Here are some tangents my thoughts took:

  • The connotation for freedom is overwhelmingly positive, whereas anarchy is scary. Is it because we associate responsibleness with freedom but not with anarchy?
  • Law and regulations bound freedoms in modern society. Aren’t they in place to define responsible behavior? What if the bounds themselves seem arbitrary? What if they trend toward benefiting the few at the expense of the many?
  • Do we assume that everyone has a similar understanding of responsible behavior and - therefore - there is no need to overtly talk about it as much as we talk about our desire for freedom?

 

Quote of the Day - 1/16/2012

"Life is a train of moods like a string of beads; and as we pass through them they prove to be many colored lenses, which paint the world their own hue, and each shows us only what lies in its own focus." - Emerson as quoted by Louisa May Alcott in Moods.

  

Moods are an overlay to our perception of the world. The more we hold moods in check by melding everything into a homogeneous demeanor we can sustain for long periods of time, the more consistent everything becomes. This is often the ‘professional’ behavior that training and workplace metrics encourage. It comes at a cost. We are purposely looking through the same lens…that paints the world the same hue…and only shows what lies in its own focus. It can make life easier for us because we know exactly what to expect of ourselves; it can also help our relationships for the same reason.

It can also be boring and stressful.

Acknowledging a different mood, even slightly, can change the experience of an everyday situation and provide new avenues to address problems. For example, usually Andrea is in a good mood in the morning when she gets to work but one morning she arrives having spilled coffee while driving in and now she is upset, feeling that nothing has started right with the day…she is grumpy. She opens her email and there is, yet another, request for help finding a chart set from a recent review.

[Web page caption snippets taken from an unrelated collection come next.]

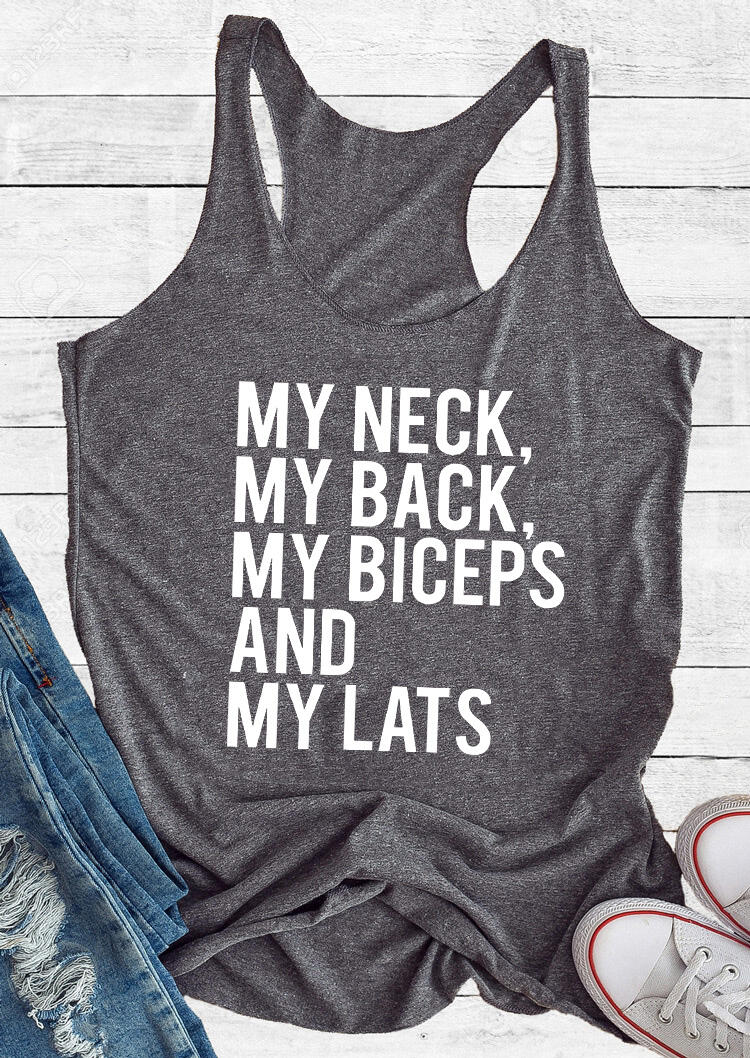 

Tank Tops My Neck My Back My Biceps And My Lats Fitness Racerback Tank Top in Dark Grey. Size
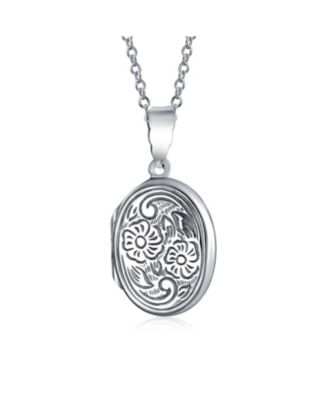 Embossed Floral Sunflower Photo Oval Locket Necklace Pendant Sterling Silver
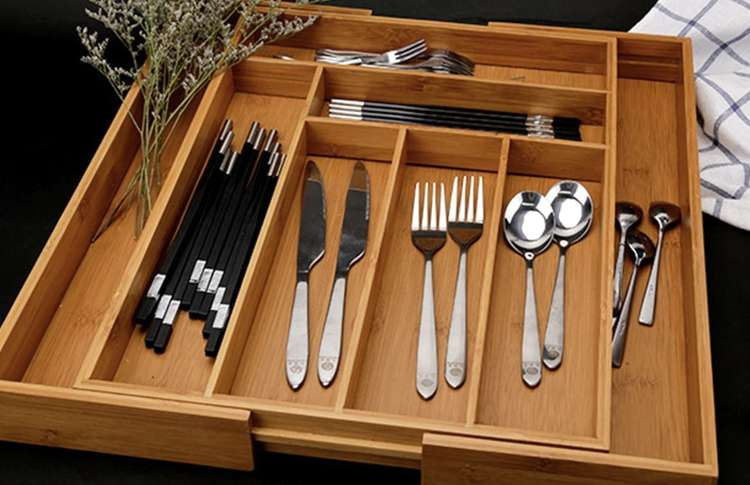 Insert/organizator de sertar din bambus [4]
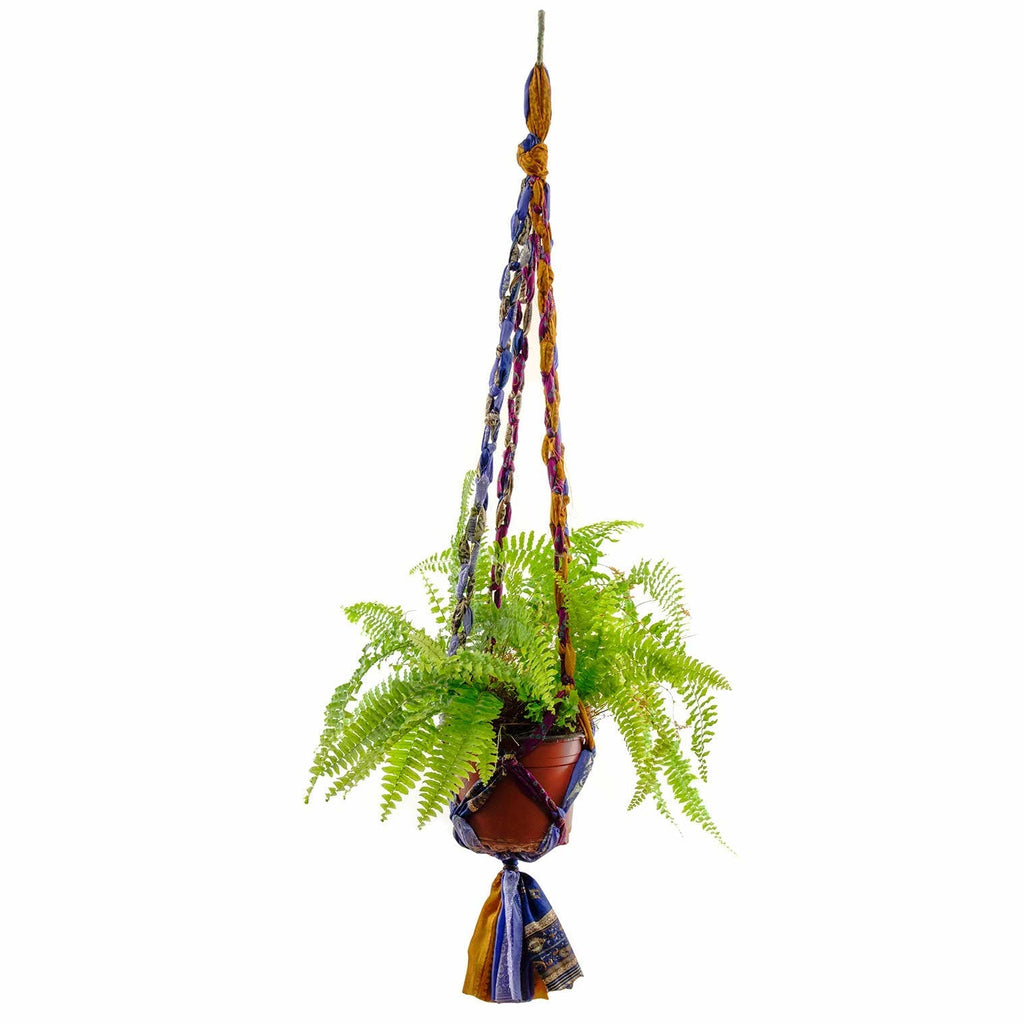 Recycled Sari Plant Hanger Large-Siesta Crafts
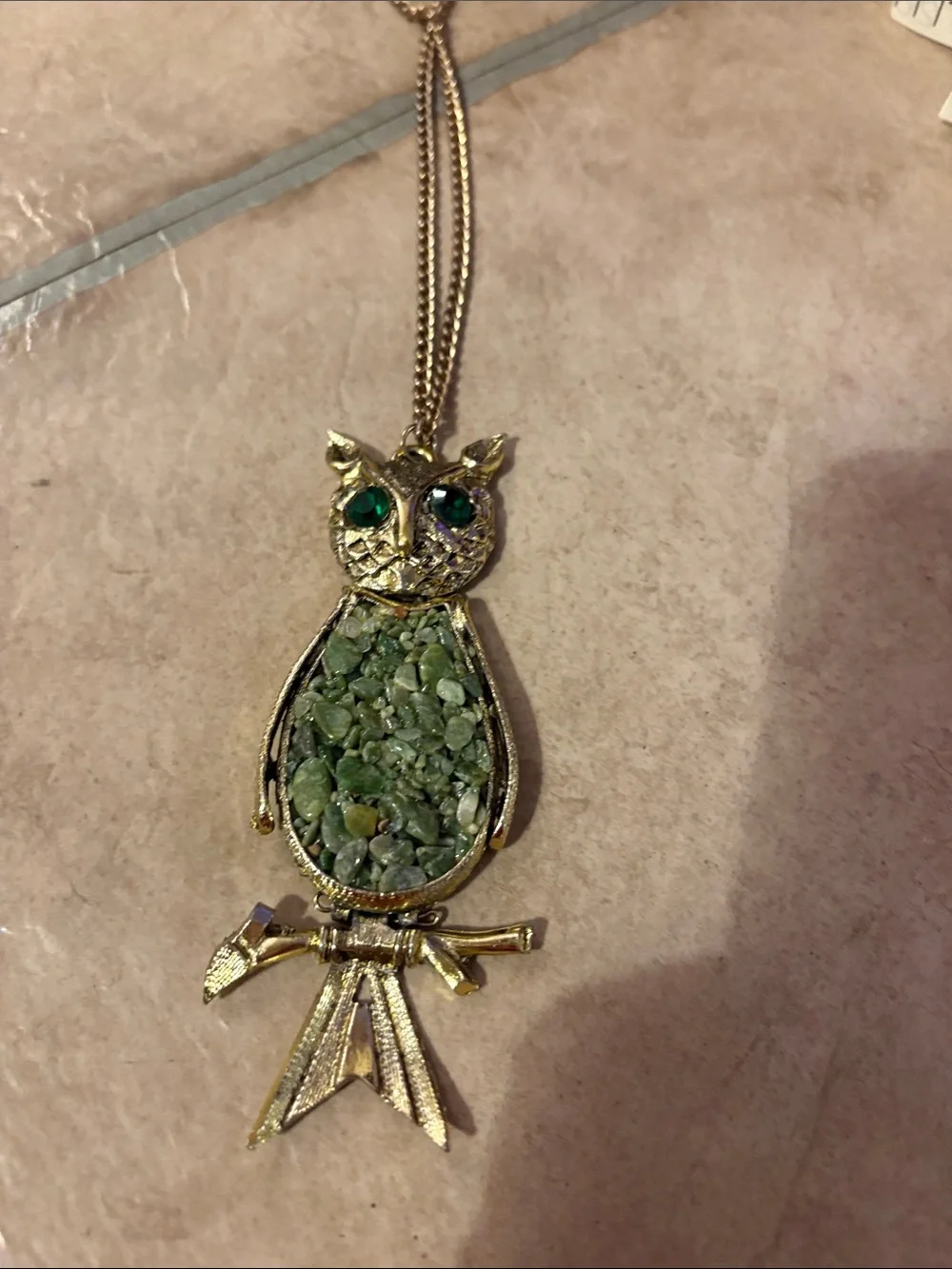 Gold-Tone Owl Pendant Necklace with Green Stone Inlay solid!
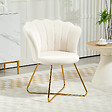 HOMCOM - Fauteuil design coquillage piètement acier doré velours crème - vignette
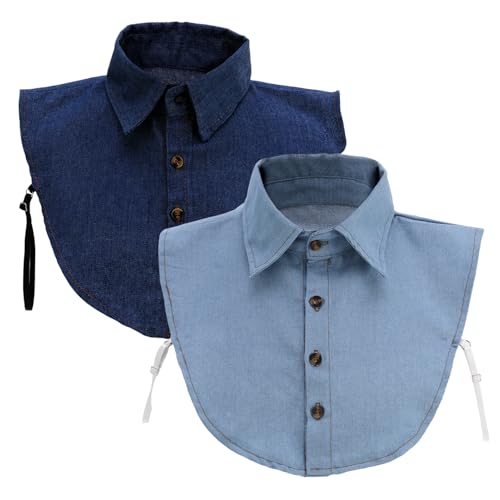 JATEBI 2pcs Fake Collar Denim Detachable Collar Shirt Dickey Collars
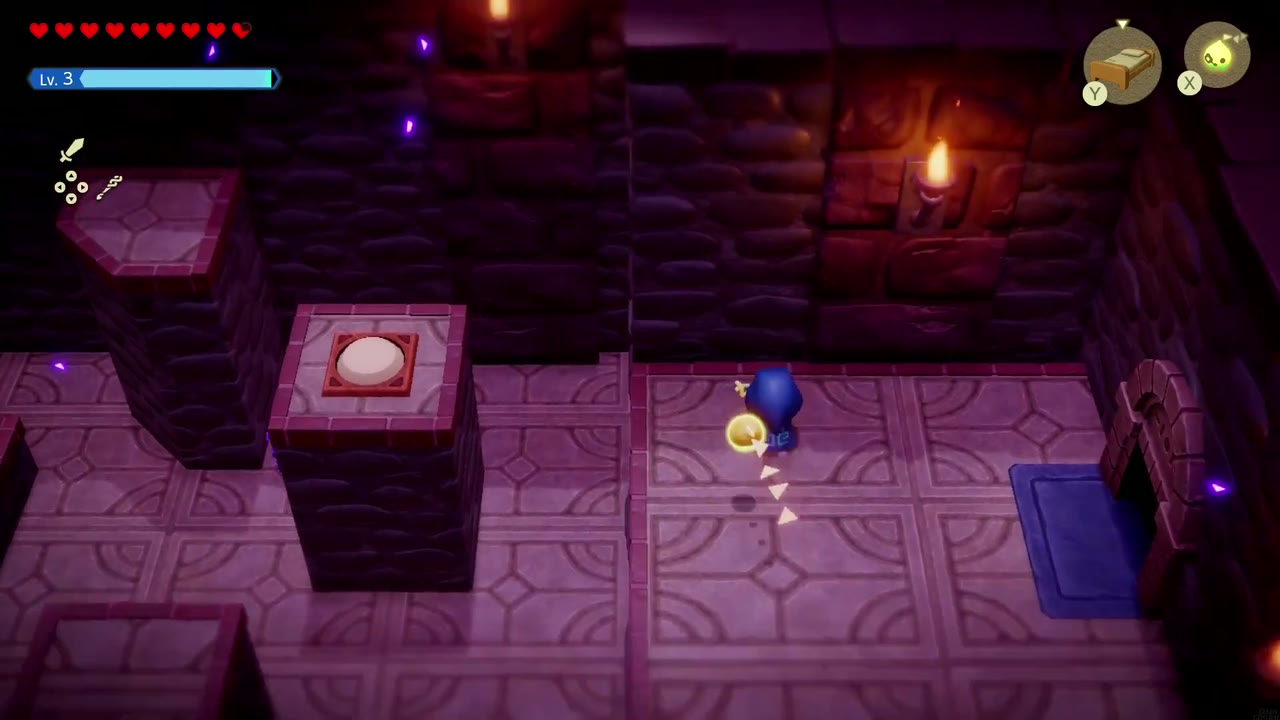 Hyrule Castle: Still Missing - The Legend of Zelda: Echoes of Wisdom Walkthrough 88 The west key room, with a floor switch on top of a tall pillar and shadowy guards patrolling below.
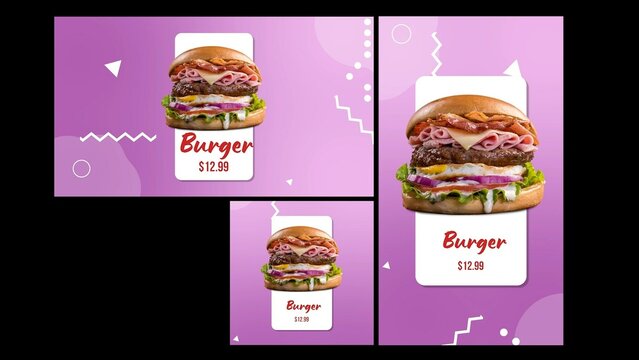 Multi Resolution Food Product Restaurant Social Advertisement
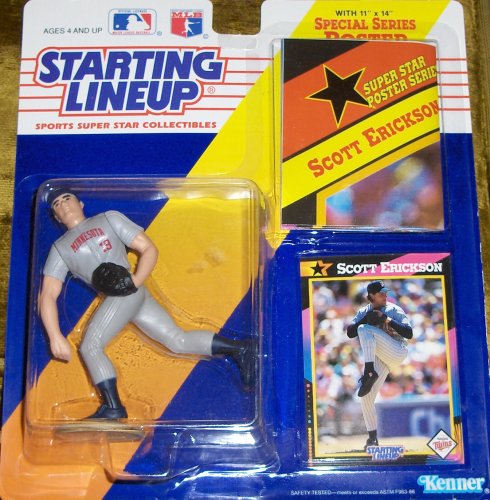 1991 - Kenner - Starting Lineup - MLB - Scott Erickson #19 - Vintage Action Figure - Minnesota Twins - w/ Trading Card & 11x14 Poster - Rare - Limited Edition - Collectible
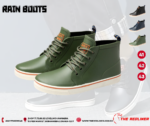 MOTORCYCLE RIDING RAIN BOOT ARMY GREEN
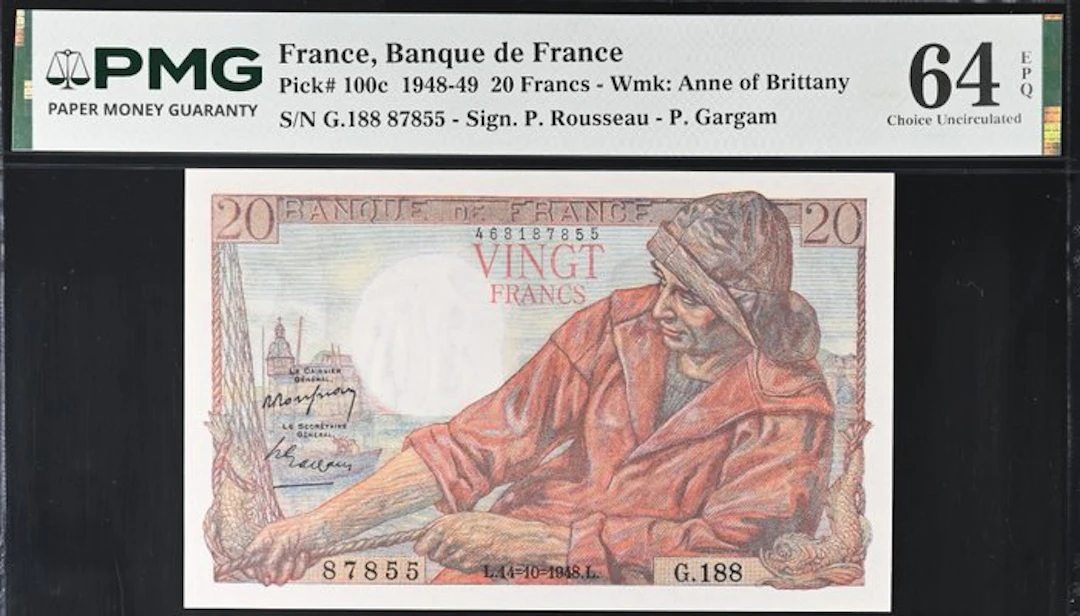 France. - 20 Francs - 1948 - PMG 64 EPQ - Pick 100c (No reserve price)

Usually she replies to these requests with a link to the location. It takes less than 5 minutes to find the location and respond. In her grumpy mood - she realizes this same person has been asking this question pretty frequently and she starts a note with a link to the library and plans to tell the person to ‘find it themselves.’ Fortunately she realizes it will come across as abrupt and rude before she hits ‘send.’ The outcome, in the end, was positive because she wrote up a very simple procedure to find the chart sets and now sends it out when requests come in - just below the specific link to the one requested; the number of requests have gone down because the frequent requesters now understand how to easily find the chart sets themselves.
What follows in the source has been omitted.